Aucune faute ou déloyauté contractuelle ne peut être reprochée à la société CORIOLIS COMPOSITES qui était parfaitement libre de rompre les pourparlers, moyennant le versement de l’indemnité de réservation de 3.522,50 €.
Dès lors, la SCI NIOLU sera déboutée de ses demandes de condamnation de la société CORIOLIS COMPOSITES à lui payer les sommes de 22.299,80 € HT ou 26.759,76 € TTC au titre de son préjudice matériel, et de 50.724 € TTC au titre de la perte de chance de percevoir les loyers sur une période d’un an.
3) Sur les autres demandes
La SCI NIOLU ayant été déboutée de ses demandes en principal, elle le sera également au titre de sa demande au titre de l’article 700 du code de procédure civile.
La société CORIOLIS COMPOSITES a dû engager des frais irrépétibles justifiant sa demande au titre de l’article 700 du code de procédure civile.
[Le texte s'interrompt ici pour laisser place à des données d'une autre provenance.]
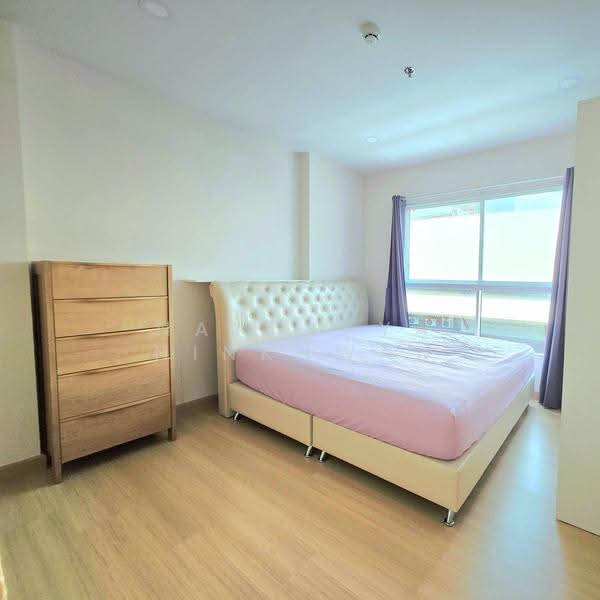Supalai Park Talat Phlu Station, Bangkok, Ratchadapisek Road, Bukkalo, Thon Buri, Bangkok, 1 Bedroom, 37 sqm, Condo For Rent, by Natthaya Ninkhwan, 500525378 - DDproperty.com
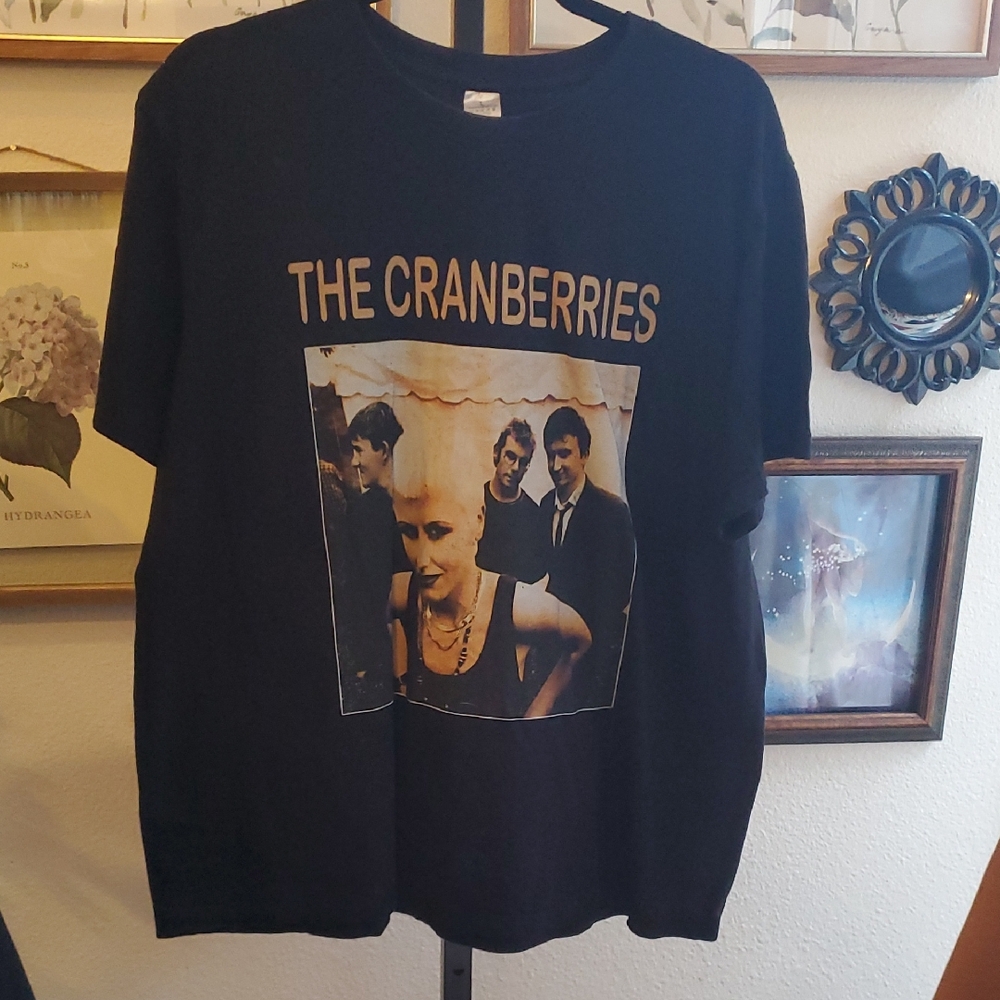The Cranberries Band T-Shirt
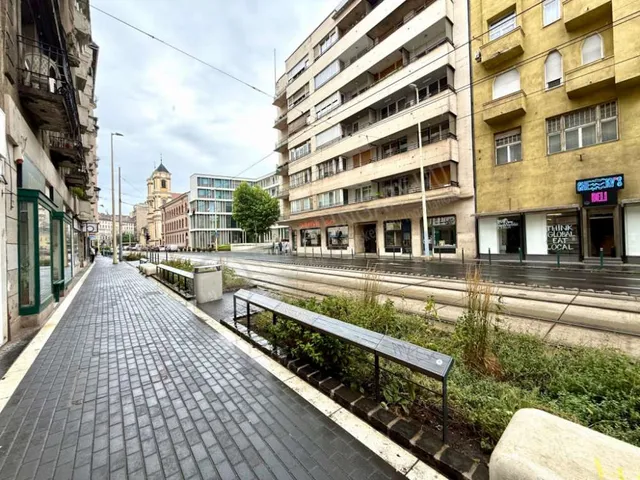 Eladó lakás Budapest II. kerület, Margit körút 66 nm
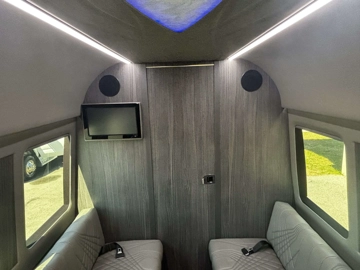 Picture of 2026 Mercedes Benz Sprinter Grech Motors Passenger Van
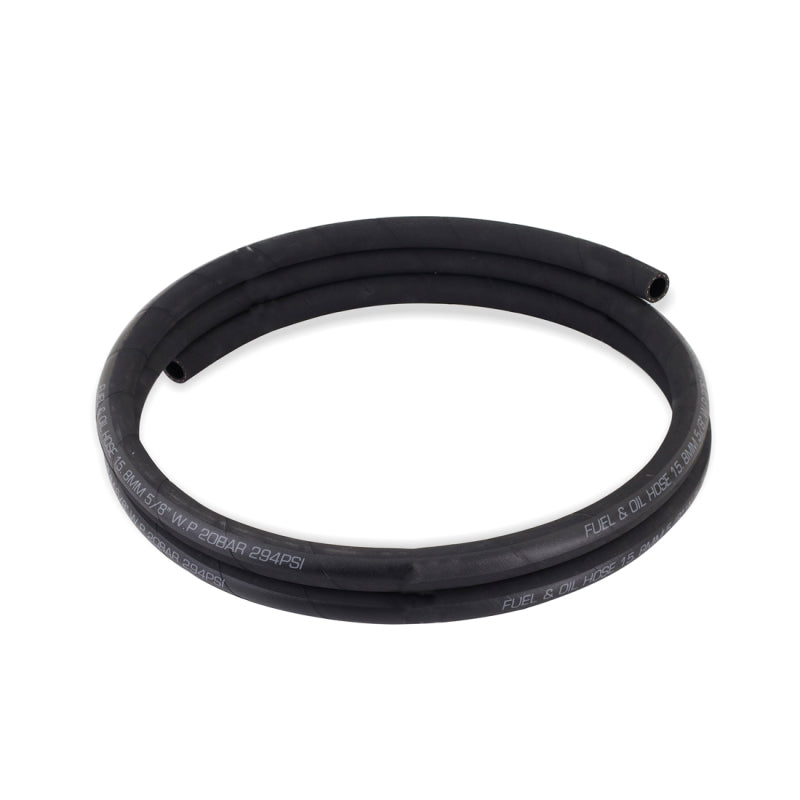 Mishimoto Push Lock Hose, Black, -10AN, 120in Length MMHOSE-PL-10-120 MMHOSE-PL-10-120 Photo - Primary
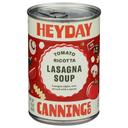 Tomato Ricotta Lasagna Soup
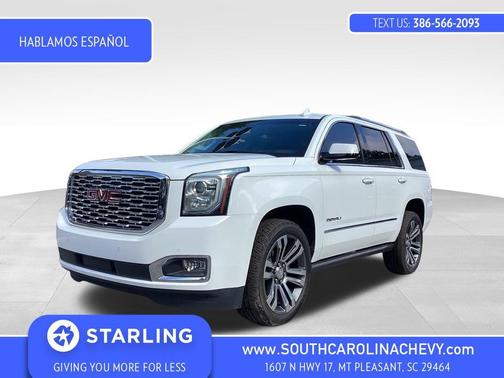 2019 GMC Yukon Denali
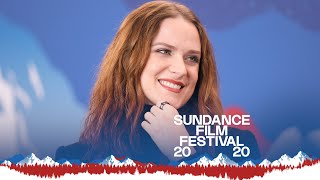 Kajillionaire Cast Share What Sundance Means to Them  FULL INTERVIEW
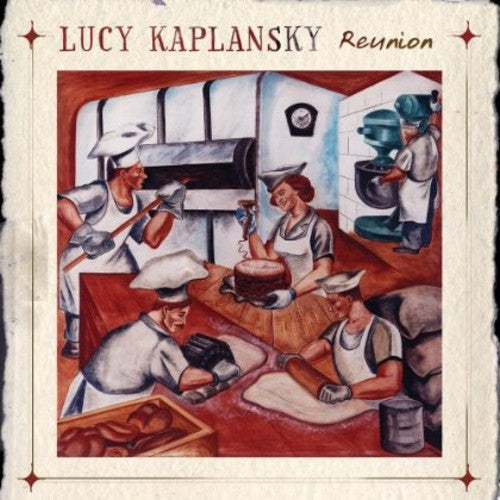 Lucy Kaplansky: Reunion - CD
En l’évaluant à la somme de 2.500 €, le tribunal estime faire bonne justice.
Conformément à l’article 696 du code procédure civile, les entiers dépens de l’instance seront mis à la charge de la SCI NIOLU.
PAR CES MOTIFS
Sur ce, le Tribunal, après en avoir délibéré, statuant contradictoirement et en premier ressort, assisté du greffier ;
Vu l’article 1112 du code civil,
Prend acte du fait que la SCI NIOLU a reconnu avoir perçu de la société CORIOLIS COMPOSITES la somme de 3.522,50 € au titre de l’indemnité de réservation ;
Déboute la SCI NIOLU de sa demande en paiement des sommes de 22.299,80 € HT ou de 26.759,76 € TTC au titre de son préjudice matériel ;
Déboute la SCI NIOLU de sa demande en paiement de la somme de 50.724 € TTC au titre de la perte de chance de percevoir les loyers sur une période d’un an ;
Condamne la SCI NIOLU à payer à la société CORIOLIS la somme de 2.500 € au titre de l’article 700 du code de procédure civile ;
Déboute la SCI NIOLU de sa demande au titre de l’article 700 du code de procédure civile ;
Condamne la société NIOLU aux entiers dépens de l’instance, dont frais de greffe liquidés à la somme de 75,04 € TTC ;
Dit toutes autres demandes, fins et conclusions des parties injustifiées et en tout cas mal fondées, les en déboute ;
La présente décision a été signée sur l’original conservé au greffe en minute conformément à l’article 456 du code de procédure civile, et prononcée par mise à disposition au greffe en application de l’article 453 du code de procédure civile, au lieu et date susdits.
Ainsi jugé et prononcé
Le Greffier Madame Emmanuelle EVENO
Le Président Monsieur Michel GAHINET
Signe electroniquement par Michel GAHINET
Signe electroniquement par Emmanuelle EVENO, commis-greffier.